Tentativa de combater a intolerância religiosa
Não por acaso, o Ministério da Igualdade Racial lançou há alguns meses um programa para radiografar e combater o chamado “racismo religioso” no Brasil – termo que vem substituindo “intolerância religiosa”. Uma vez que grande parte das denúncias formalizadas está relacionada às religiões de matriz africana, engrossadas majoritariamente por populações negras, o programa tem como meta instituir projetos que previnam episódios de racismo religioso e reduzam os números da violência e da discriminação contra as vítimas.
Mas por que isso continua acontecendo, ainda que a intolerância religiosa seja considerada um crime no Brasil, previsto pela lei 14.532, com pena de até cinco anos de prisão e pagamento de multa? “A punição inibe temporariamente comportamentos, mas não muda a tendência de se comportar de determinada maneira”, explica a psicóloga Mônica Valentim. “É necessário punir para se obter algum controle social. Mas não é possível esperar que isso vá fazer com que as pessoas aprendam a se comportar melhor”, complementa.
A intolerância é um comportamento ancestral
Para Mônica, o atavismo pode explicar a reação dos intolerantes que cometem violência física ou psicológica contra pessoas de crenças diferentes. Atavismo é a tendência de reproduzir comportamentos, costumes e ideias ancestrais de forma não consciente. “Ainda carregamos muitos traços das sociedades pré-agrícolas, quando a sobrevivência de um grupo dependia da destruição de outros”, cita. Nessas sociedades, a escassez de alimentos levava indivíduos reunidos num grupo a combater estranhos para proteger esses recursos.
“O que vai nos tornar menos primitivos é nossa capacidade de observar os sentimentos que experimentamos para que possamos responder ao que está surgindo em nós de um modo mais pró-social, não apenas porque isso soa bonito, mas porque é nossa única possibilidade de sobrevivência enquanto espécie”, continua a psicóloga.
Ela acredita que a globalização cultural, reforçada por sentimentos nacionalistas, conservadores e discriminatórios, também vem contribuindo para aumentar os casos de intolerância ou racismo religioso. O intolerante se sente no direito de preservar seus valores e suas verdades, mesmo que isso afete a integridade do próximo.
O que fazer, então, para mudar essa situação? “Acredito no desenvolvimento da percepção de que estamos todos conectados. Enquanto nos percebermos separados uns dos outros, estaremos sempre sob ameaça.
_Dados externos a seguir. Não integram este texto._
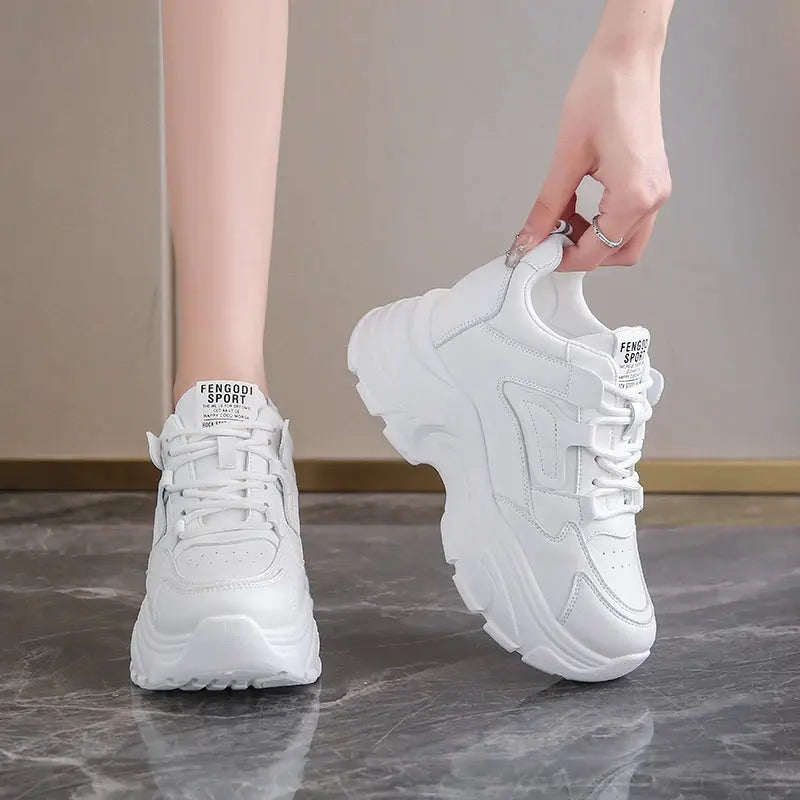 Zapatillas de deporte con plataforma blanca para mujer, zapatos vulcanizados con cordones y parte inferior gruesa, de cuero Pu, transpirables, primavera 2024 MedSurgery Store For Digital Health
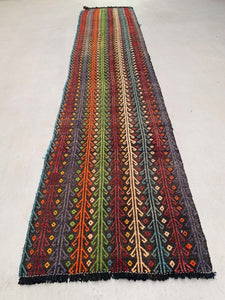 Old Turkish Kilim Runner 377x77 cm, shabby chic, vintage kelim Red Black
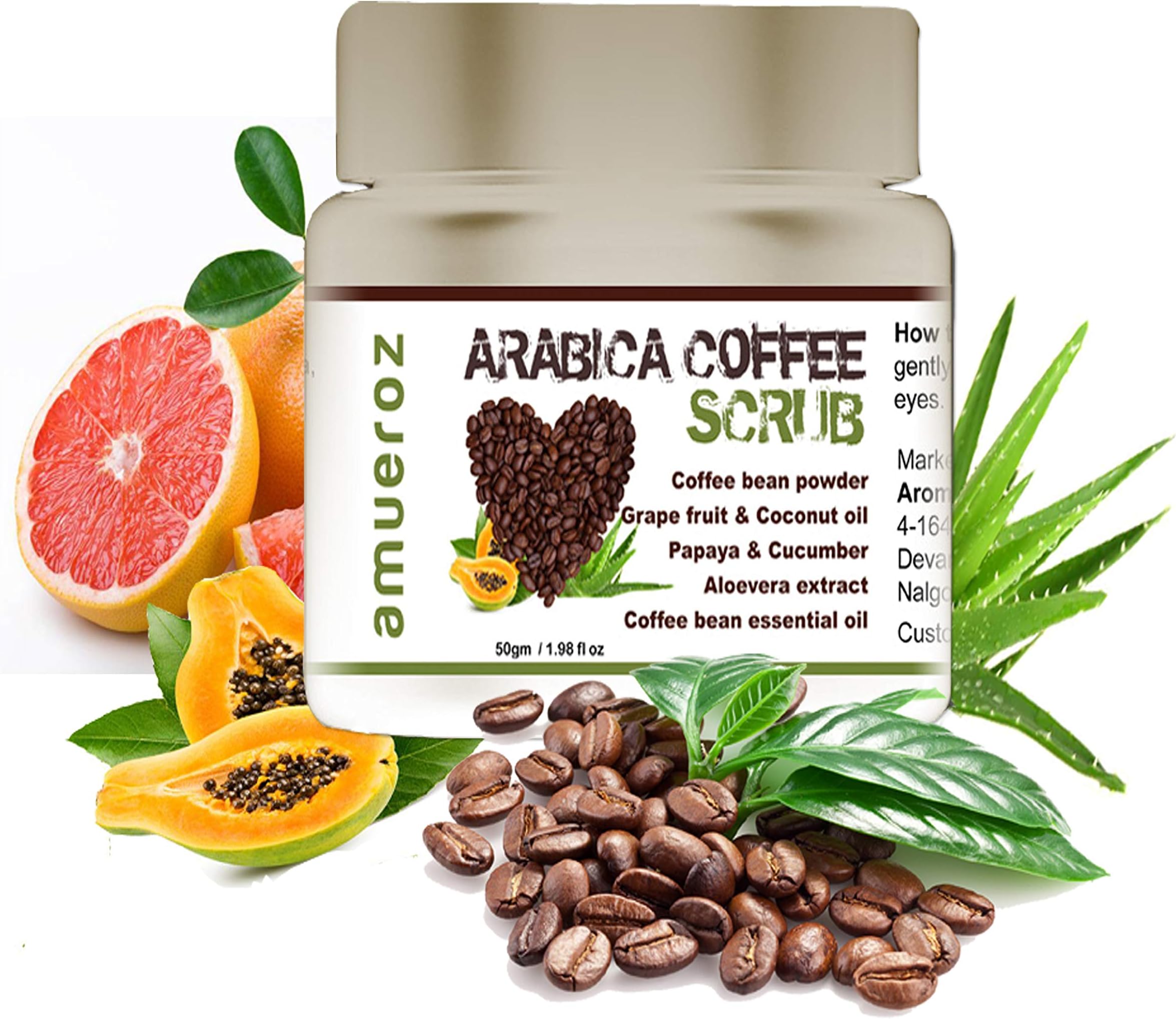 Amueroz Arabica Coffee Scrub for Face & Body | Tan Removal | Oily/Normal Skin | Paraben & SLS Free | Refreshing | Deep Cleansing 50 g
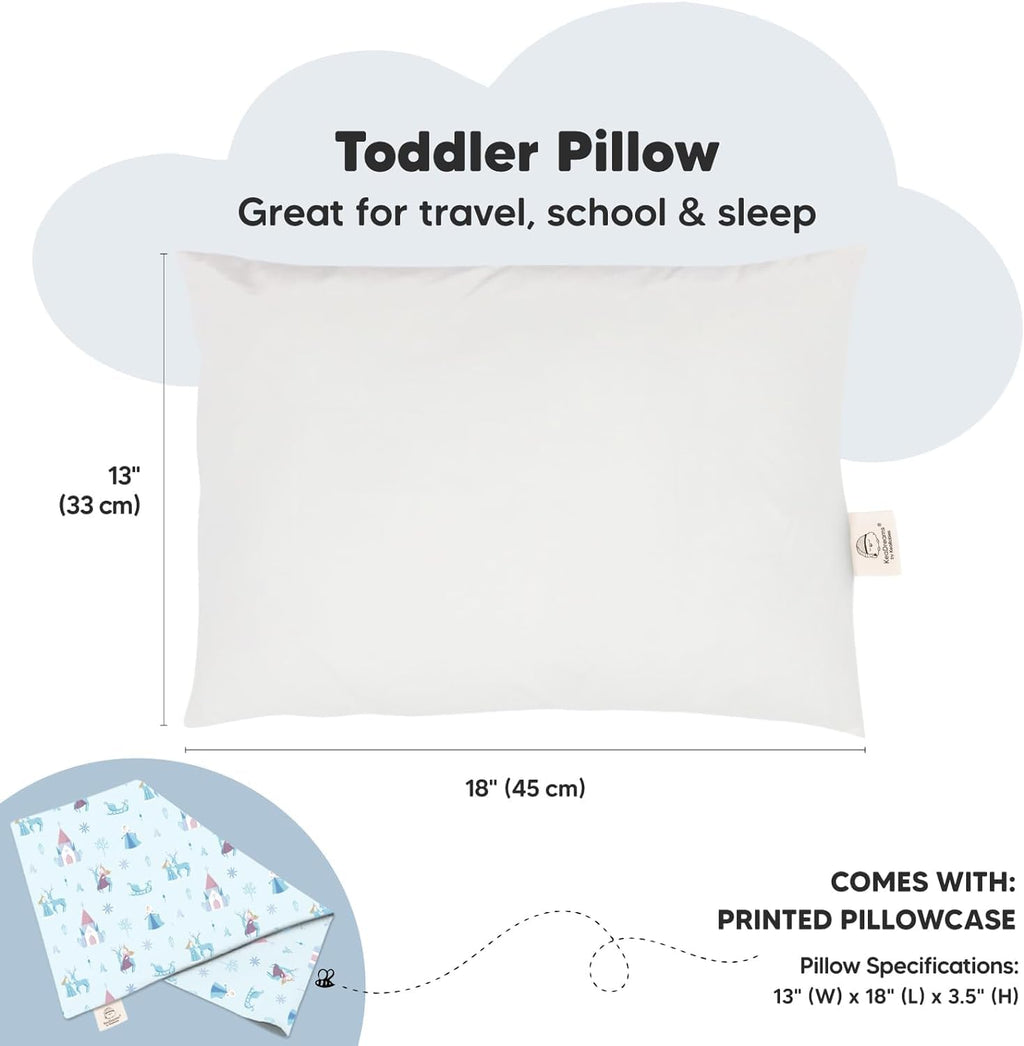Toddler Pillow with Pillowcase - 13x18 My Little Dreamy Kids Travel Bed Pillows for Sleeping, Organic Cotton Small Pillowcase, Soft &…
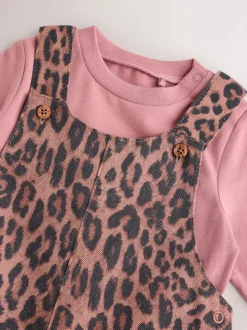 Tuinbroeken*Next - Baby Bodysuit met lange mouwen en bretelbroeken Set (0mnd-2jr) Lichtbruine luipaardprint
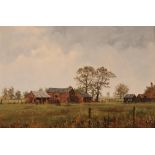 James Wright, study of farm buildings, signed oil on canvas, 35cm x 57cm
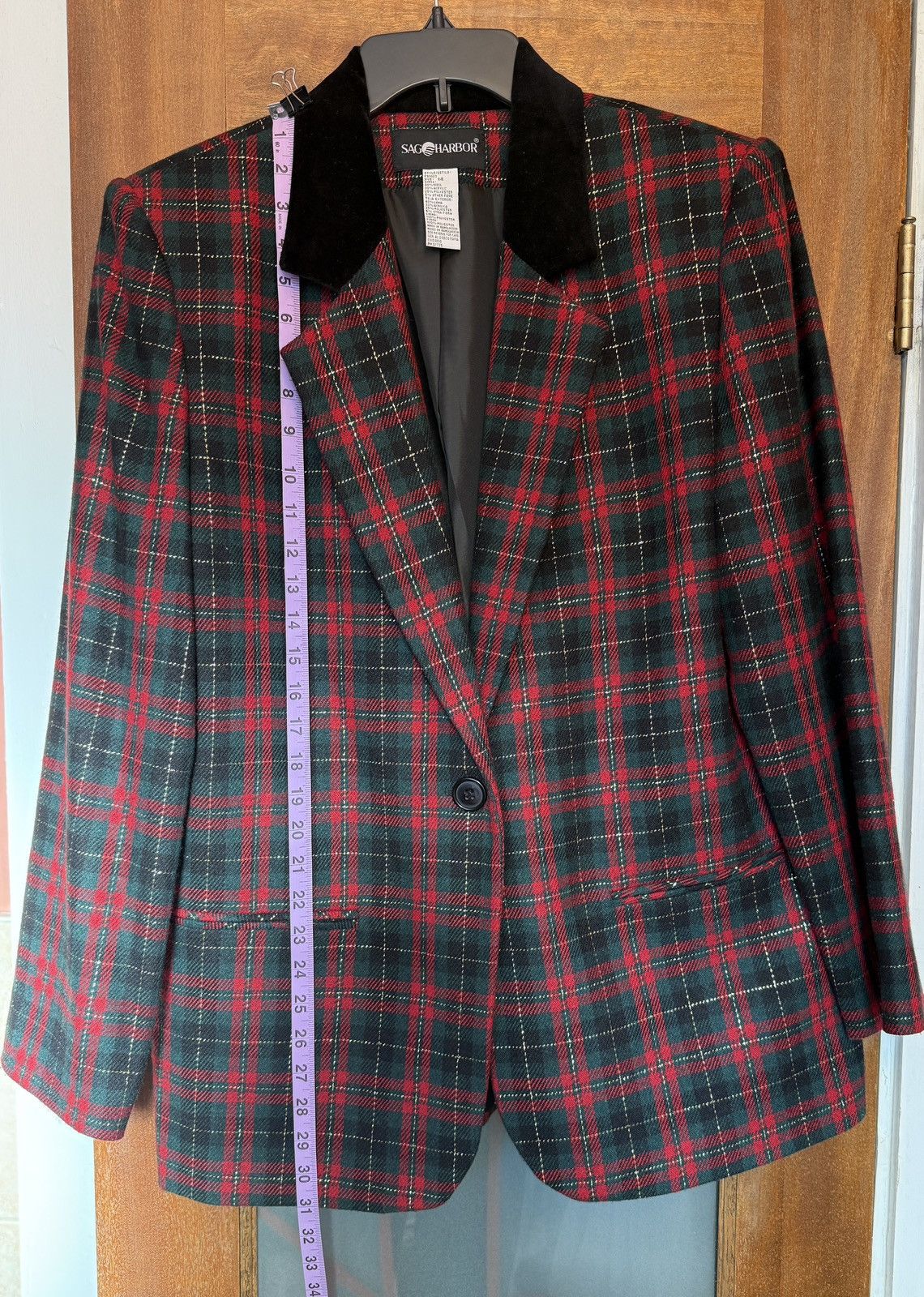 Other Sag Harbor Women Vtg Tartan Plaid Wool Holiday Blazer-14 Size XL / US 12-14 / IT 48-50 - 7 Thumbnail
Pode parecer utopia, mas, se olharmos para todos os momentos mais tristes da história, vamos notar que eles vieram sempre com esse fomento à ideia de superioridade de um grupo em relação a outro”, destaca a psicóloga.
Lentidão na Justiça
Na opinião do professor Alex Santana França, docente da Universidade Estadual de Santa Cruz, em Ilhéus (BA), e especialista em metodologia do ensino de história e cultura afro-brasileira, a lei que equipara injúria racial ao racismo, e que também protege a liberdade religiosa, só não traz resultados mais efetivos por conta de falhas do próprio sistema. “Há todo um processo, muitas vezes moroso, que envolve não só a denúncia do crime, mas também a investigação, o julgamento e a possível punição. Na maioria dos casos, esse processo não se completa, reforçando ainda mais o sentimento de impunidade e de descrença na lei”, afirma.
Para França, o combate ao racismo religioso deveria envolver todas as instâncias da administração pública, inclusive escolas. Ele defende que os professores sejam instruídos sobre diversidade cultural para que os casos de racismo religioso não permaneçam isolados na esfera judicial.
“Infelizmente, o debate público sobre religião no Brasil ainda não consegue se desvincular do privado, então, muitos professores e professoras não separam suas crenças religiosas pessoais do compromisso maior que é a formação dos estudantes para a cidadania e o respeito às diferenças, a fim de garantir uma boa convivência coletiva. Daí a necessidade de se investir em cursos de formação inicial e continuada com ênfase nesses temas”, argumenta o professor.